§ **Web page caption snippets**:
════

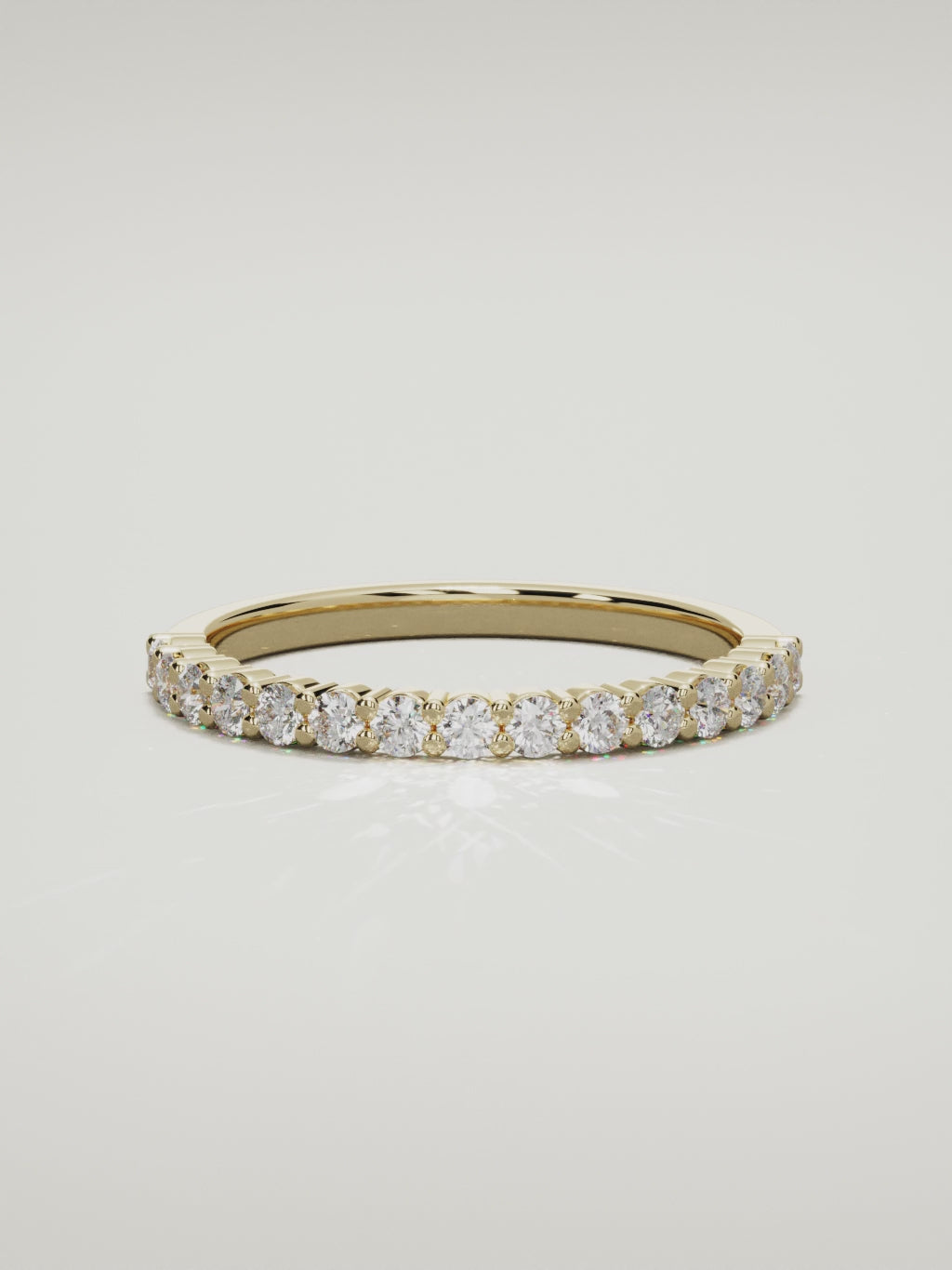 The Danza petite shared-prong half eternity band in 14K yellow gold, 360 turntable video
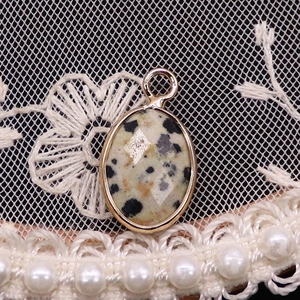 Macro shot of faceted dalmatian jasper oval pendant with gold edge on lace background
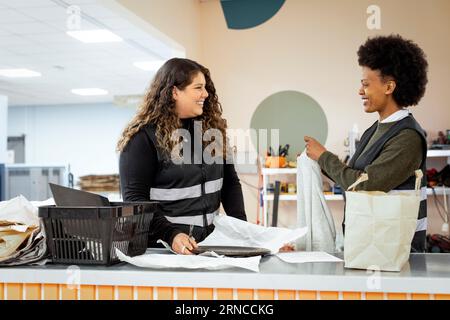 Lavoratrici felici che parlano tra loro al centro di riciclaggio Foto Stock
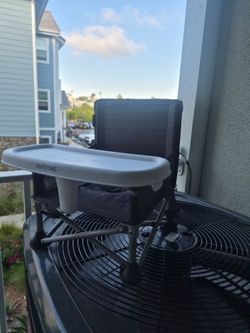 Portable high chair.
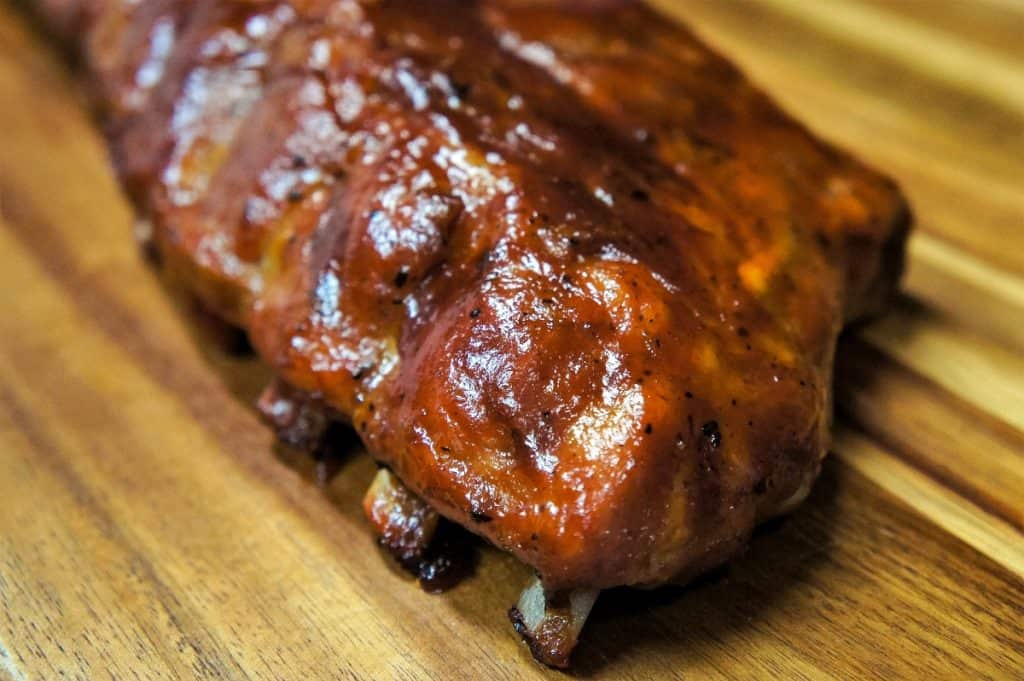 Pineapple habanero ribs on a wood cutting board.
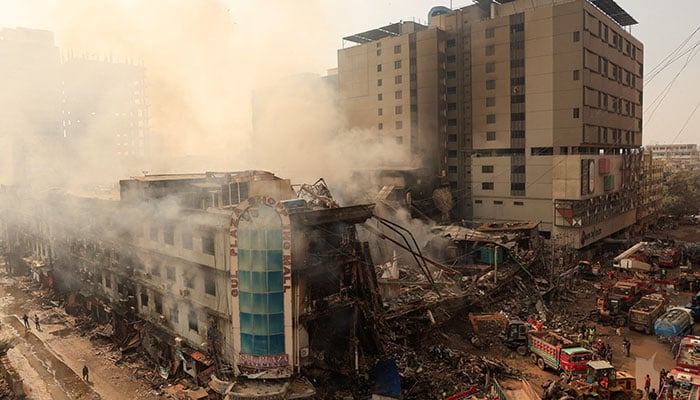 Workers remove debris following a massive fire that broke out in the Gul Plaza Shopping Mall in Karachi on January 19, 2026. — Reuters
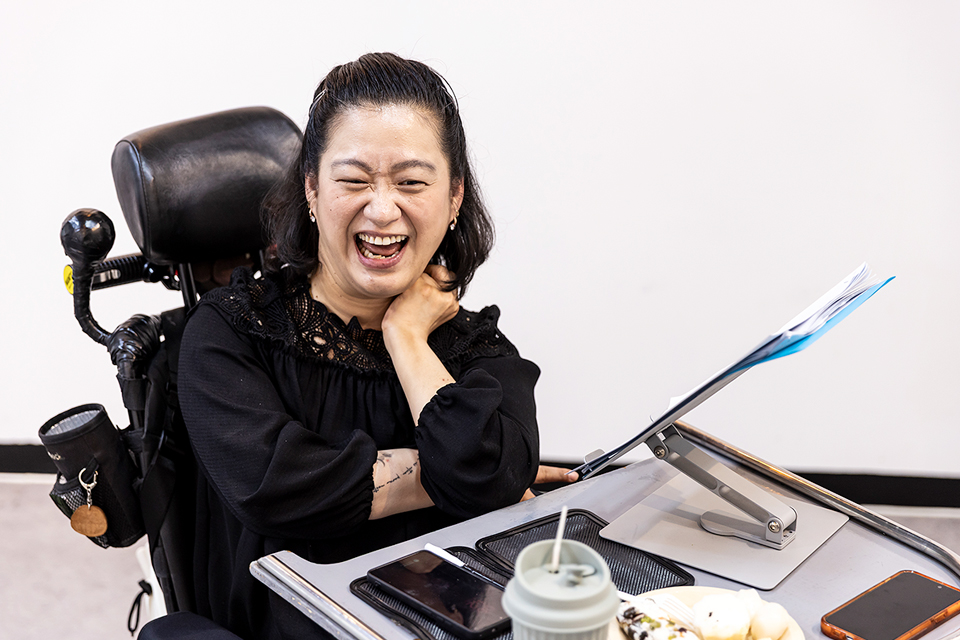 조우리 배우가 전동휠체어에 앉아 입을 크게 벌리며 웃고 있다. 트레이 위의 거치대에는 종이들이 올려져 있고, 그 옆에 음료컵과 스마트폰 등이 놓여 있다.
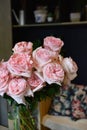 Bouquet of flowers on a leg in the interior of the restaurant for a celebration shop floristry or wedding salon Royalty Free Stock Photo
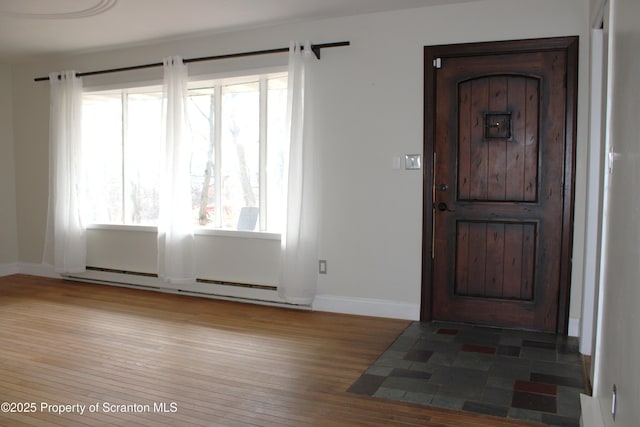 entrance foyer with a baseboard heating unit, a wealth of natural light, and hardwood / wood-style floors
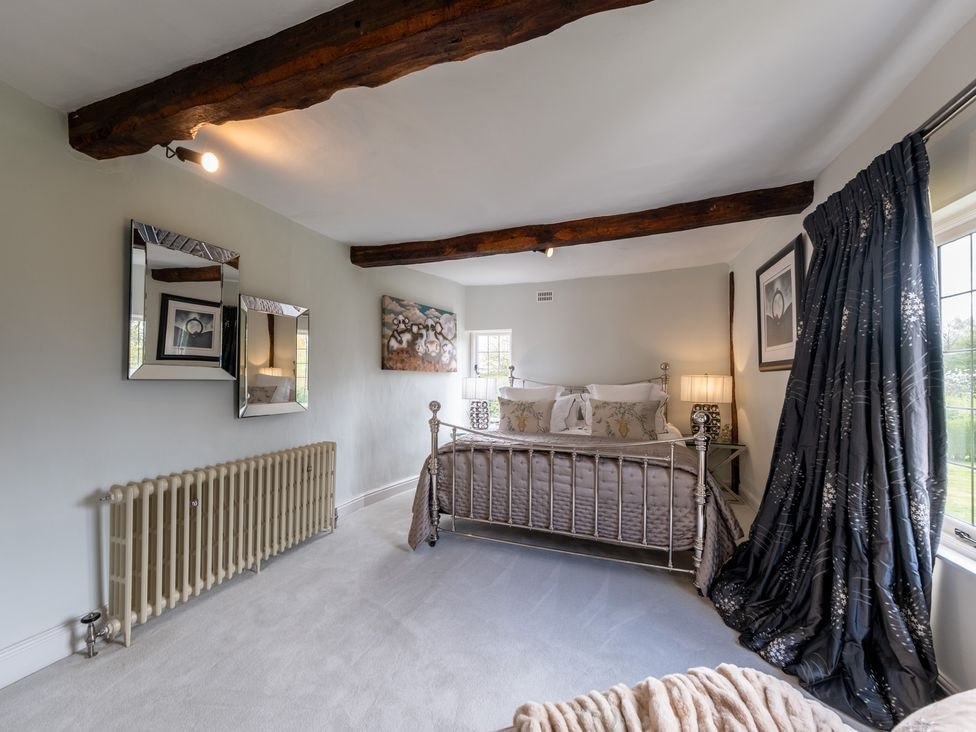 A bedroom with a bed and mirrors at Hall O'Coole in Broomhall near Wrenbury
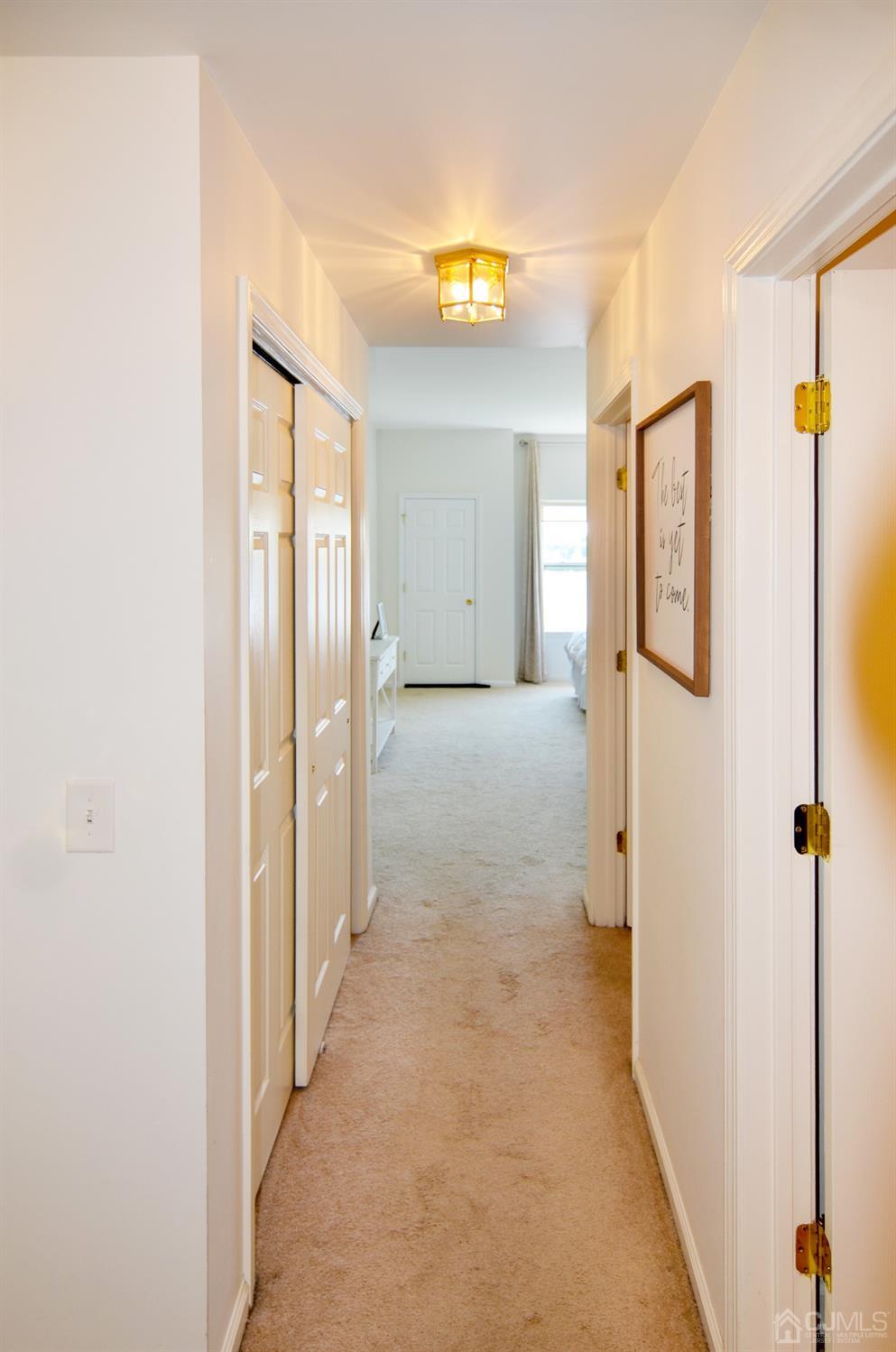 358 Rector Street, Unit 710 Perth Amboy, NJ 08861 - Photo 18 of 35 a view of a hallway with wooden shelves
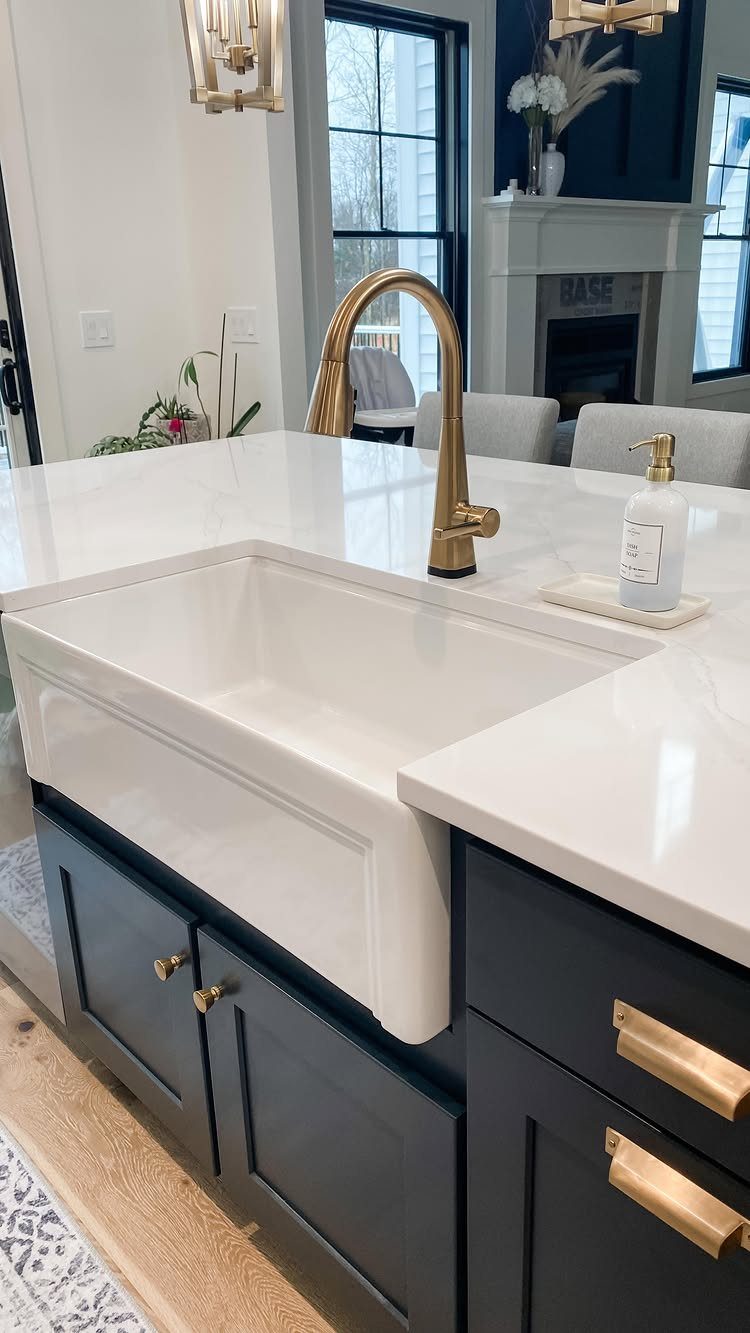 White farmhouse sink with gold faucet installed in navy blue kitchen cabinetry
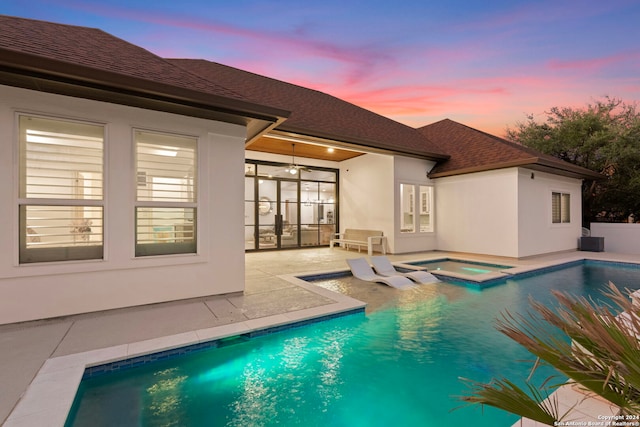 pool at dusk with a patio and an in ground hot tub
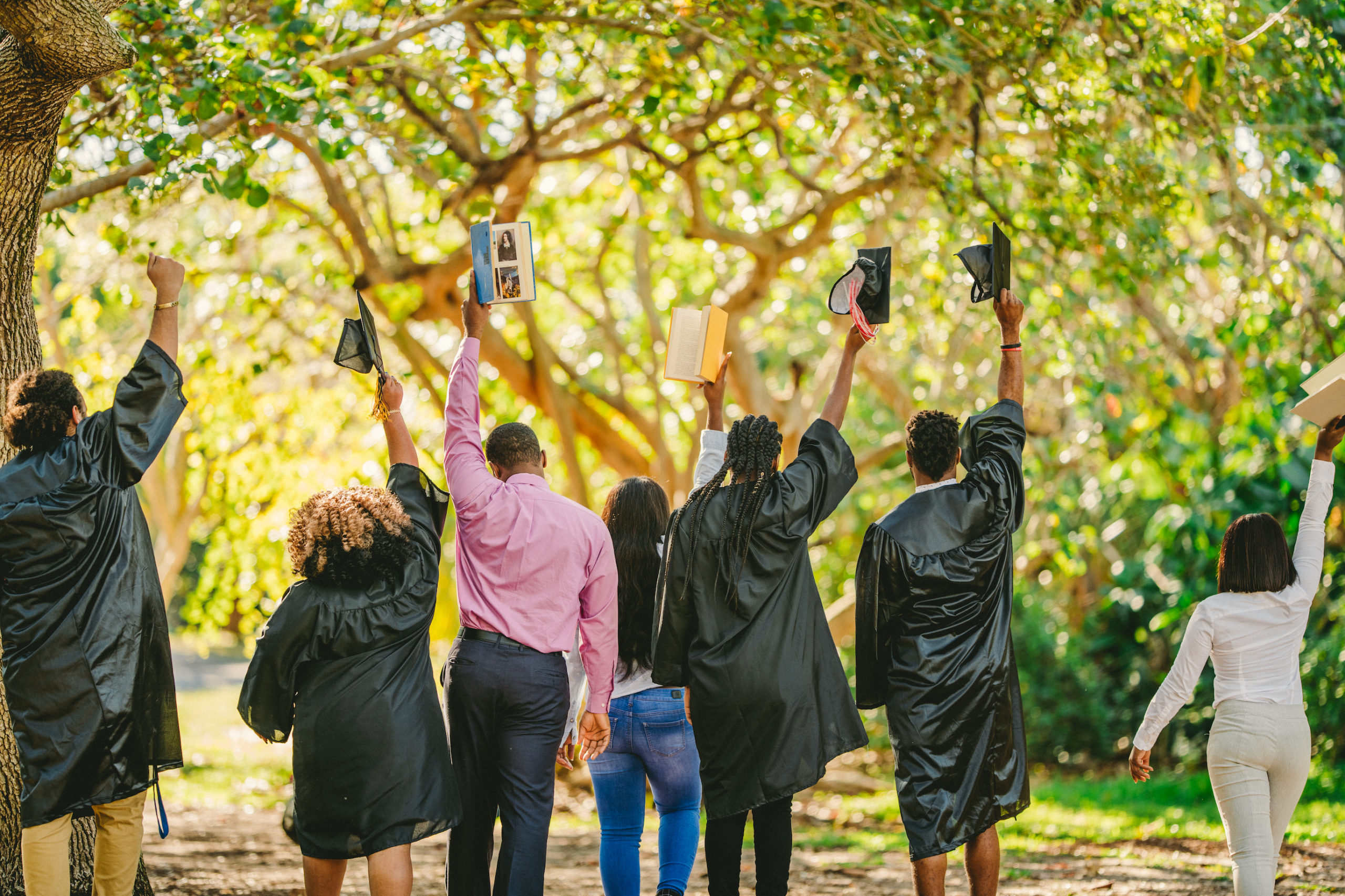 Handy Closeup from behind of group of two male and two female graduates walking with two women holding books and one male wearing a pink shirt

════

§ **Aim of the task**:
Reproduce only the lines from the line with "Bouquet of flowers" to the end of the entries. Keep both ends, copy them exactly, and omit every picture.

§ **Your response**:
 Bouquet of flowers on a leg in the interior of the restaurant for a celebration shop floristry or wedding salon Royalty Free Stock Photo
 entrance foyer with a baseboard heating unit, a wealth of natural light, and hardwood / wood-style floors
 A bedroom with a bed and mirrors at Hall O'Coole in Broomhall near Wrenbury
 358 Rector Street, Unit 710 Perth Amboy, NJ 08861 - Photo 18 of 35 a view of a hallway with wooden shelves
 White farmhouse sink with gold faucet installed in navy blue kitchen cabinetry
 pool at dusk with a patio and an in ground hot tub
 Handy Closeup from behind of group of two male and two female graduates walking with two women holding books and one male wearing a pink shirt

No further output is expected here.